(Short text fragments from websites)
───

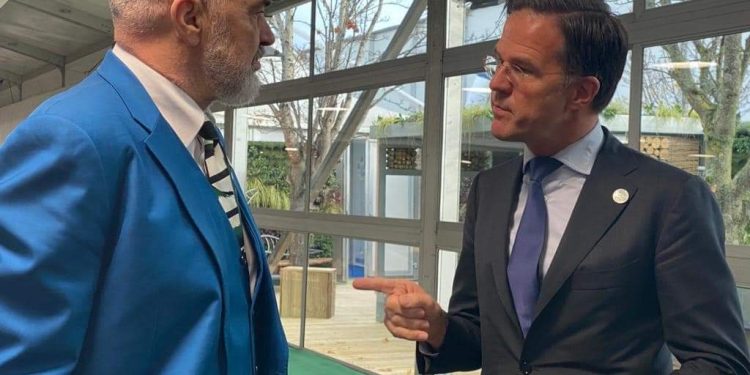Kryeministri hollandez Mark Rutte viziton sot Shqipërinë për herë të parë. Axhenda
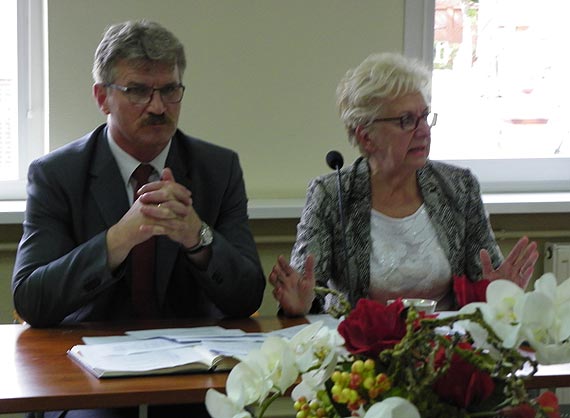 DZIWN�W: Rada wyrazi�a zgod� na emisj� obligacji w wysoko�ci 16 milion�w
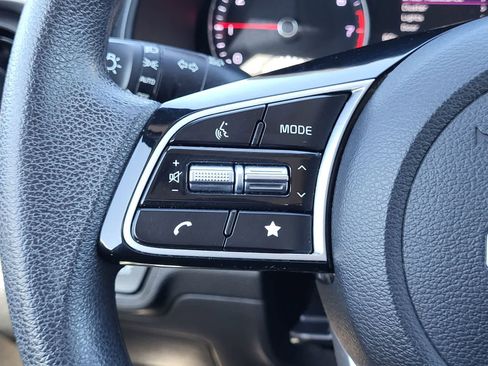 Used 2024 Kia Forte LXS image 16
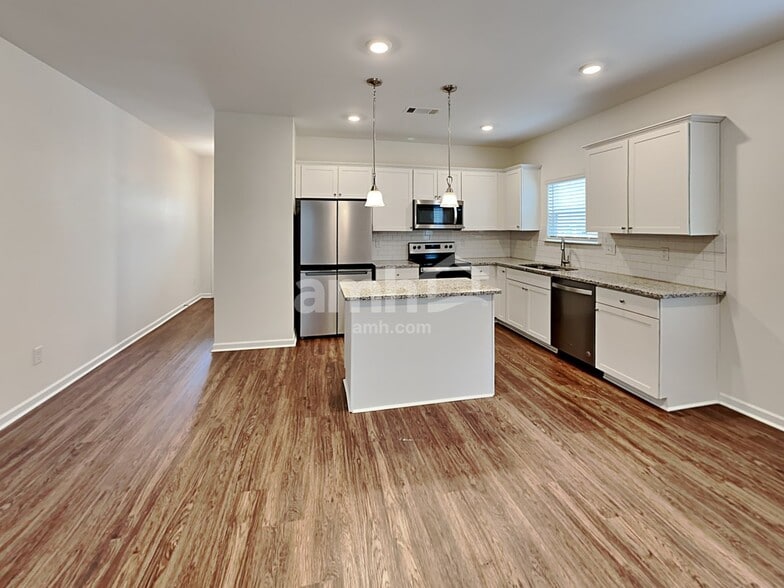 Building Photo - 94 Shelby Ct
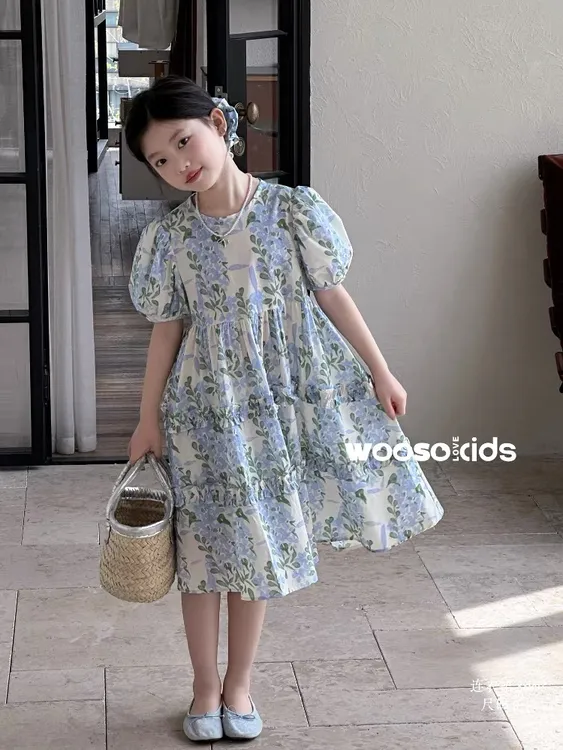 女童连衣裙夏季2025新款洋气儿童碎花裙子小女孩泡泡袖夏装公主裙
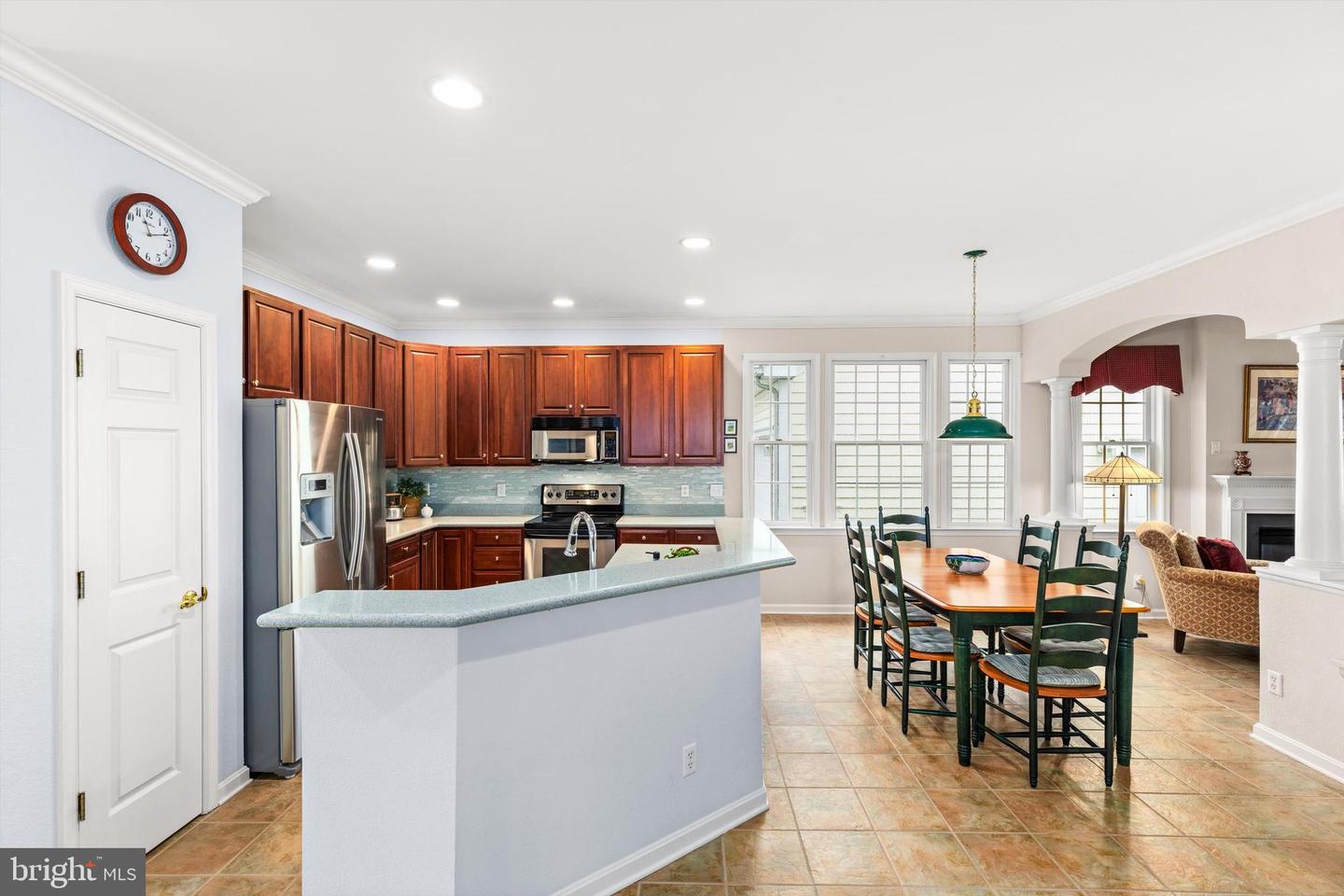 36 Willow Oak Ave Property Photo 17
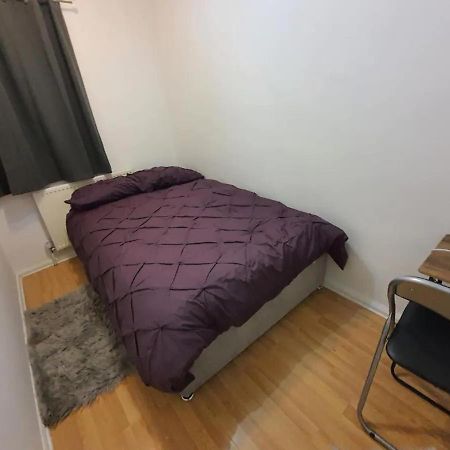 Double Bedroom Wd Greater Manchester ミドルトン エクステリア 写真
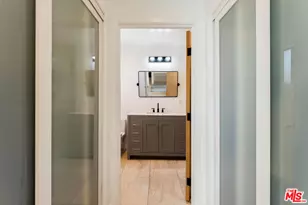 1823 20th St, Santa Monica, CA 90404 - Photo 17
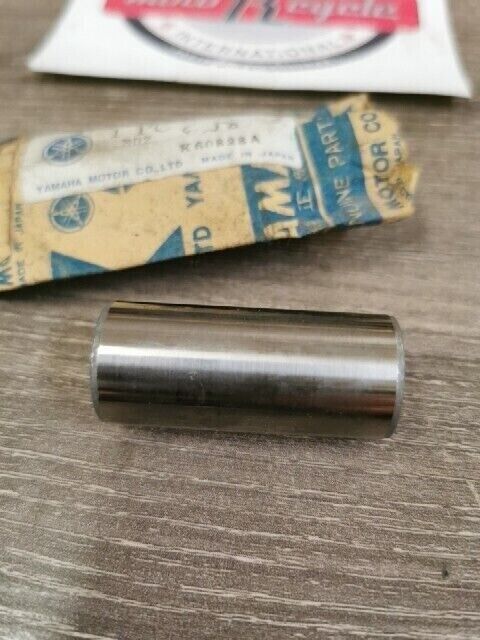 NOS YAMAHA YCS1C CS5 RD200A BW80S PW80E CS3B CRANK PIN 174-11681-00-00 Y155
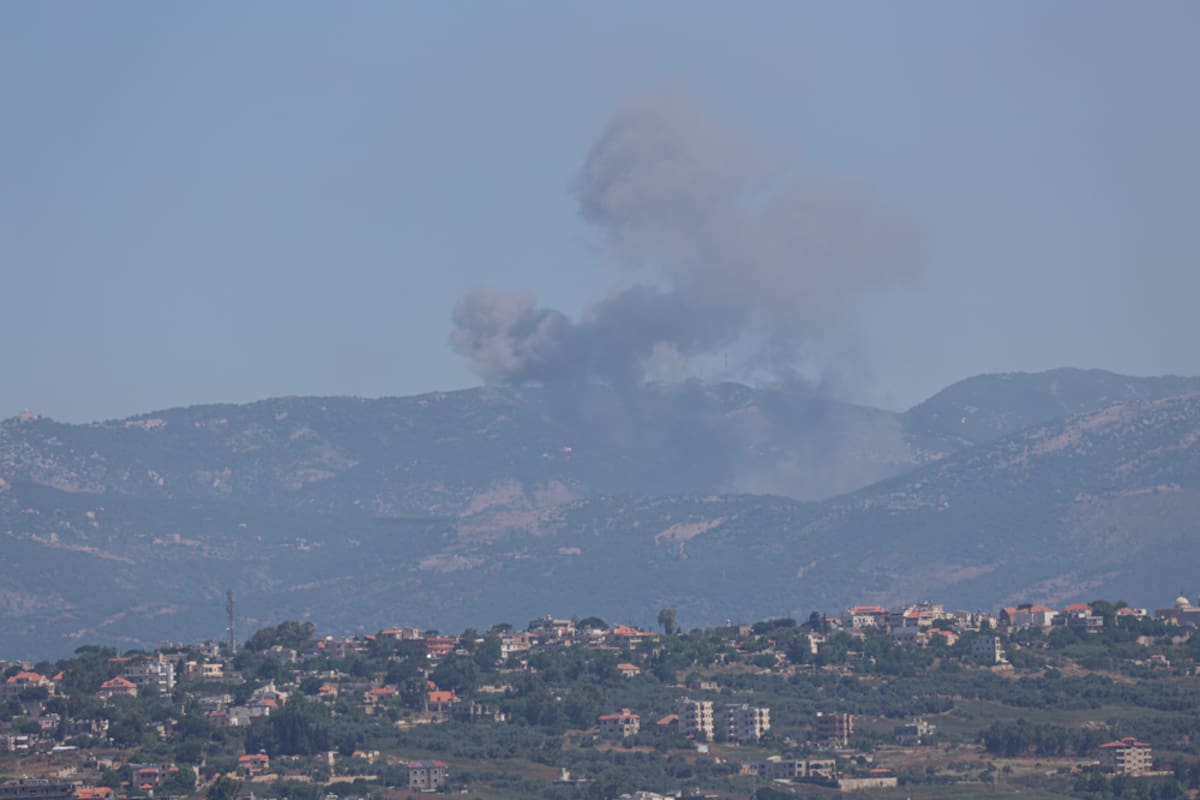Múltiples detonaciones se registraron este sábado en el sur del Líbano, después de que el viernes Israel y la milicia chií Hizbulá acordaran un alto el fuego que entró en vigor por la tarde. EFE/ Magda Gibelli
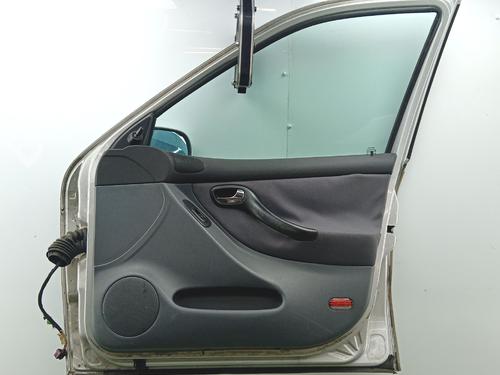 Used Right front door Right front door 37528540 37528540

───

■ **Your goal**: Using the data above, set down each line from the line with "36 Willow Oak Ave Property Photo 17" to the line with "NOS YAMAHA YCS1C" exactly, both ends included, and leave the pictures behind. Nothing else belongs.

■ **Written solution**:
 36 Willow Oak Ave Property Photo 17
 Double Bedroom Wd Greater Manchester ミドルトン エクステリア 写真
 1823 20th St, Santa Monica, CA 90404 - Photo 17
 NOS YAMAHA YCS1C CS5 RD200A BW80S PW80E CS3B CRANK PIN 174-11681-00-00 Y155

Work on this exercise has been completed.